» **Exercise prompt**
Find the line below with "If you know the" and the line with "I want you to". Output exactly those lines and everything between them, leaving out the pictures.
---------- Supplied data ----------
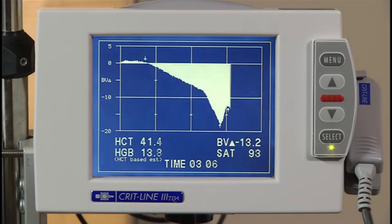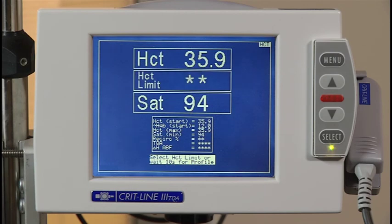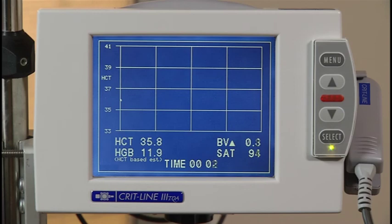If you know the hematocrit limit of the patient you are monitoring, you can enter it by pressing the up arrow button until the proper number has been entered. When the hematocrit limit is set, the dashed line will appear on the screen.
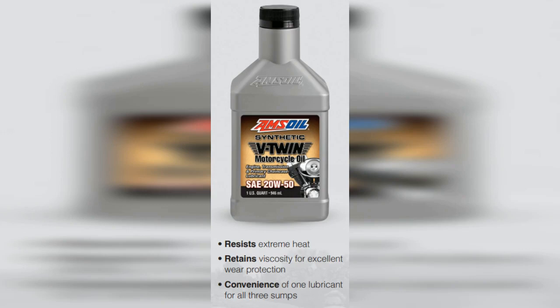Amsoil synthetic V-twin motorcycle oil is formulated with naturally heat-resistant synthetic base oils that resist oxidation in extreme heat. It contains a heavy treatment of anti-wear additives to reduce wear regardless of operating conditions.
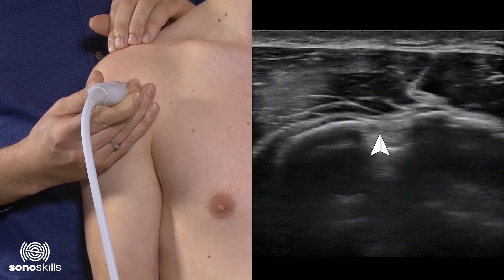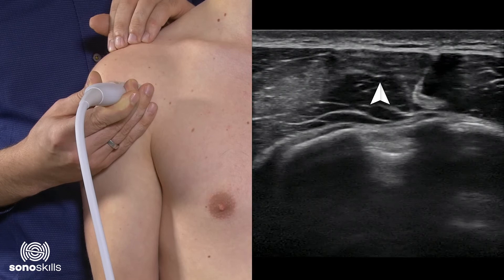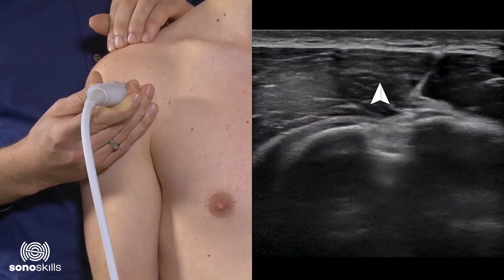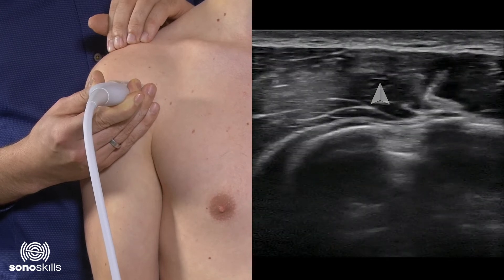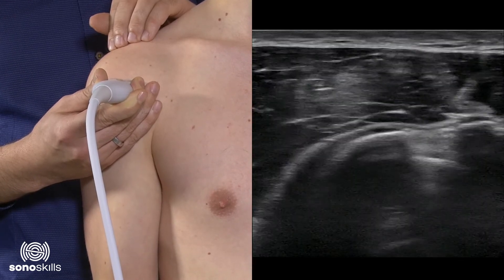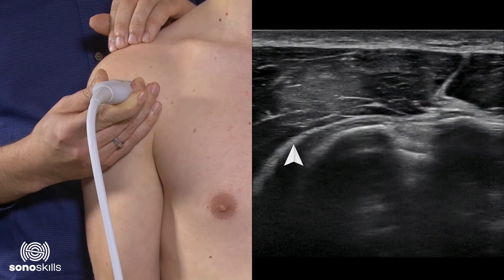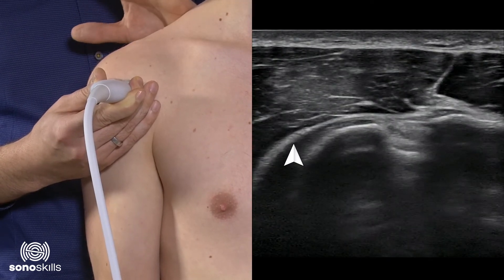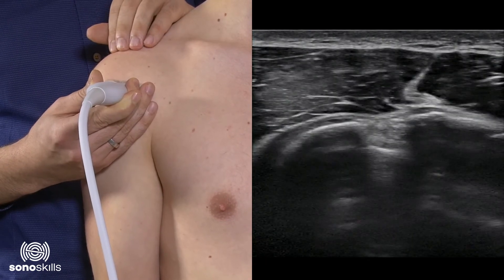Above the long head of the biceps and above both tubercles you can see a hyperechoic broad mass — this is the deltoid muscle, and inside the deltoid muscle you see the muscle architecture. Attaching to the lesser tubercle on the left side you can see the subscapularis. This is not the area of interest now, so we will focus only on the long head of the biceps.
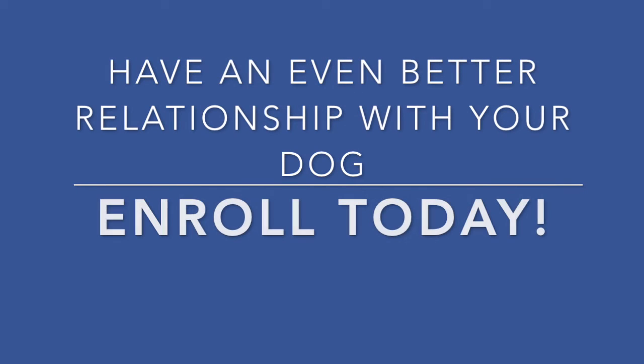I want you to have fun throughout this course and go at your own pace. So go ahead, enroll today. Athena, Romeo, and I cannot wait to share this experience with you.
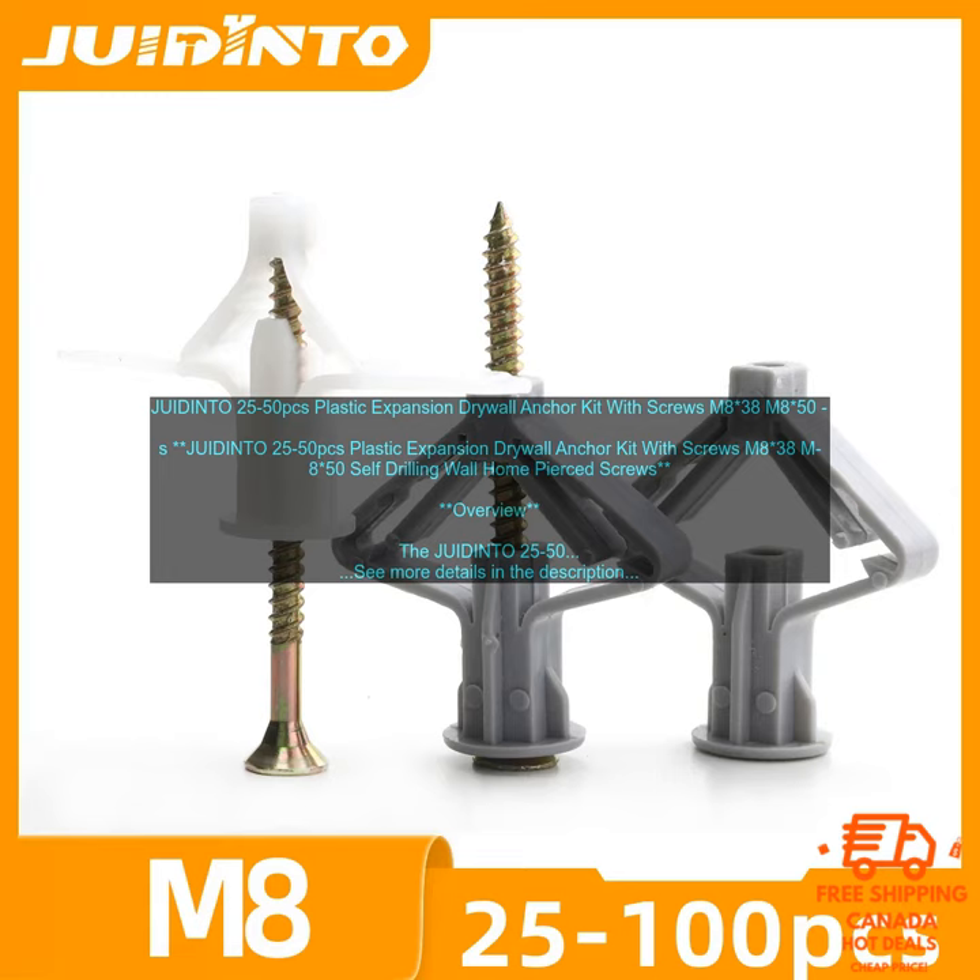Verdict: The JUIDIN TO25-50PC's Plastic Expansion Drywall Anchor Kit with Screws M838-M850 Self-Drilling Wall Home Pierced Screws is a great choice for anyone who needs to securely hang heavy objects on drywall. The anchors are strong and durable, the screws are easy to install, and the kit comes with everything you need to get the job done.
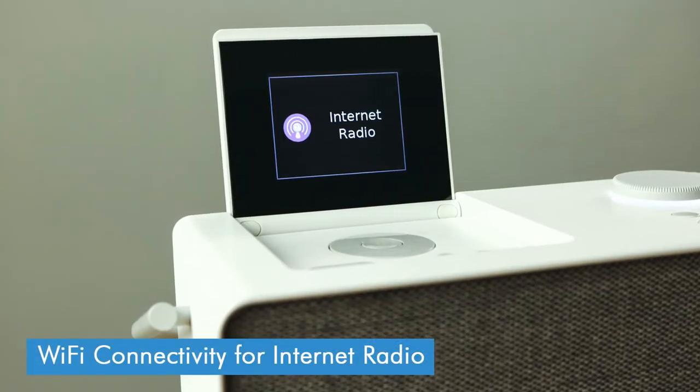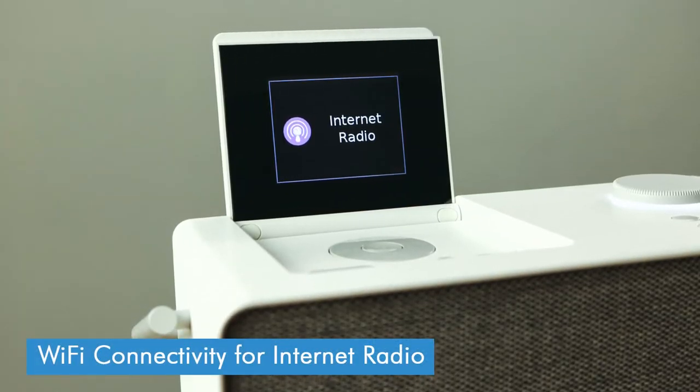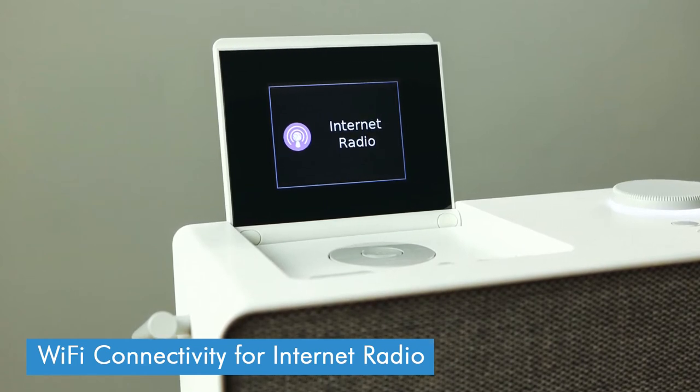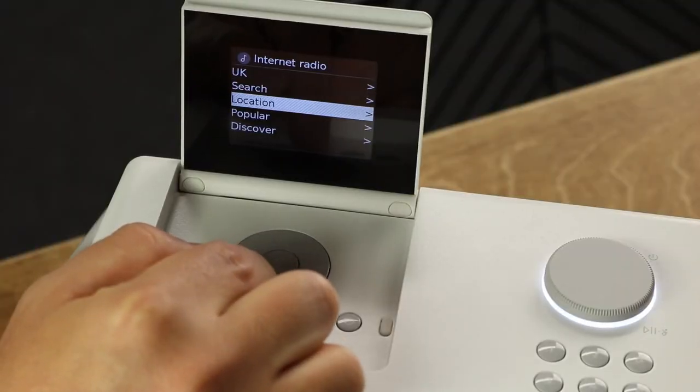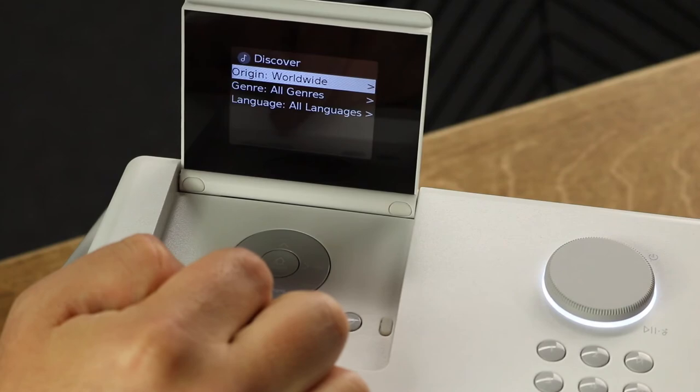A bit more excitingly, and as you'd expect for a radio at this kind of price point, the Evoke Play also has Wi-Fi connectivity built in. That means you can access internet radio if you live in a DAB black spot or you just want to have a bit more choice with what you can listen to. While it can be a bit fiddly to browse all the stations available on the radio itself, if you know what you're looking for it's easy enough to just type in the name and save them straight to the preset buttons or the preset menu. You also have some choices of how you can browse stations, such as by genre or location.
----------
---------- Supplied data ----------
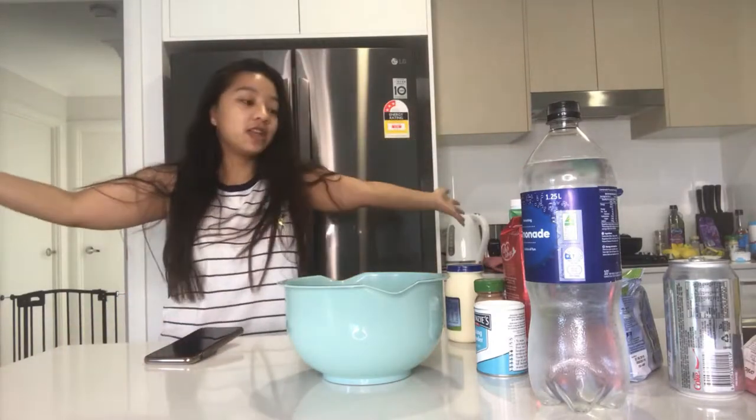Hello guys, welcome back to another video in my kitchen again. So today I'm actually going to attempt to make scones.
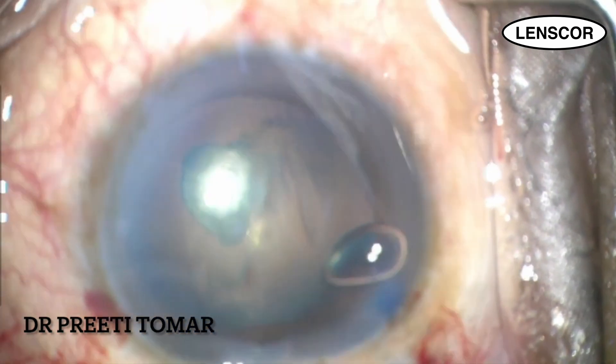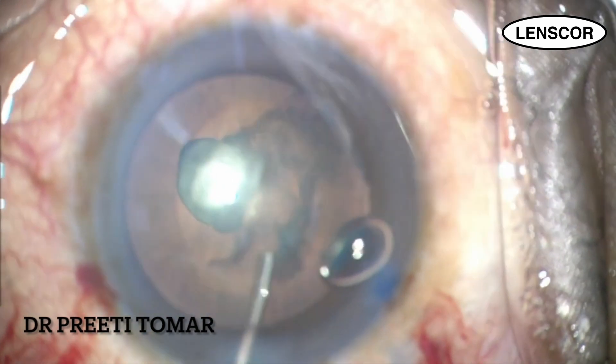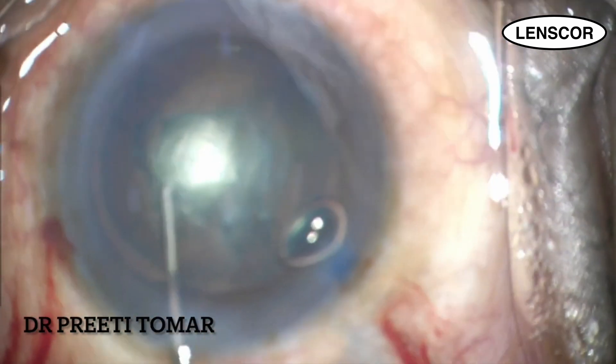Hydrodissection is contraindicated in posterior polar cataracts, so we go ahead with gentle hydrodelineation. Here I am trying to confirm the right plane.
----------
---------- Supplied data ----------
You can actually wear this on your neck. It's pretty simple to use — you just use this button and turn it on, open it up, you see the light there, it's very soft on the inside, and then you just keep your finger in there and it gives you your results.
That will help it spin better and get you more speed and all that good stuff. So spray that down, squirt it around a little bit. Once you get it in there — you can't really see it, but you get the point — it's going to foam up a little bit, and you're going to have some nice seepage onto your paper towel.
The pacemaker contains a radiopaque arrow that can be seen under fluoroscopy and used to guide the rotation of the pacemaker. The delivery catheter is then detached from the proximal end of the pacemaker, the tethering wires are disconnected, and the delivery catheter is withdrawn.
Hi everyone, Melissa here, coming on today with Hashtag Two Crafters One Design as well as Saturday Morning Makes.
----------
» **Answer for the task**
If you know the hematocrit limit of the patient you are monitoring, you can enter it by pressing the up arrow button until the proper number has been entered. When the hematocrit limit is set, the dashed line will appear on the screen.
Amsoil synthetic V-twin motorcycle oil is formulated with naturally heat-resistant synthetic base oils that resist oxidation in extreme heat. It contains a heavy treatment of anti-wear additives to reduce wear regardless of operating conditions.
Above the long head of the biceps and above both tubercles you can see a hyperechoic broad mass — this is the deltoid muscle, and inside the deltoid muscle you see the muscle architecture. Attaching to the lesser tubercle on the left side you can see the subscapularis. This is not the area of interest now, so we will focus only on the long head of the biceps.
I want you to have fun throughout this course and go at your own pace. So go ahead, enroll today. Athena, Romeo, and I cannot wait to share this experience with you.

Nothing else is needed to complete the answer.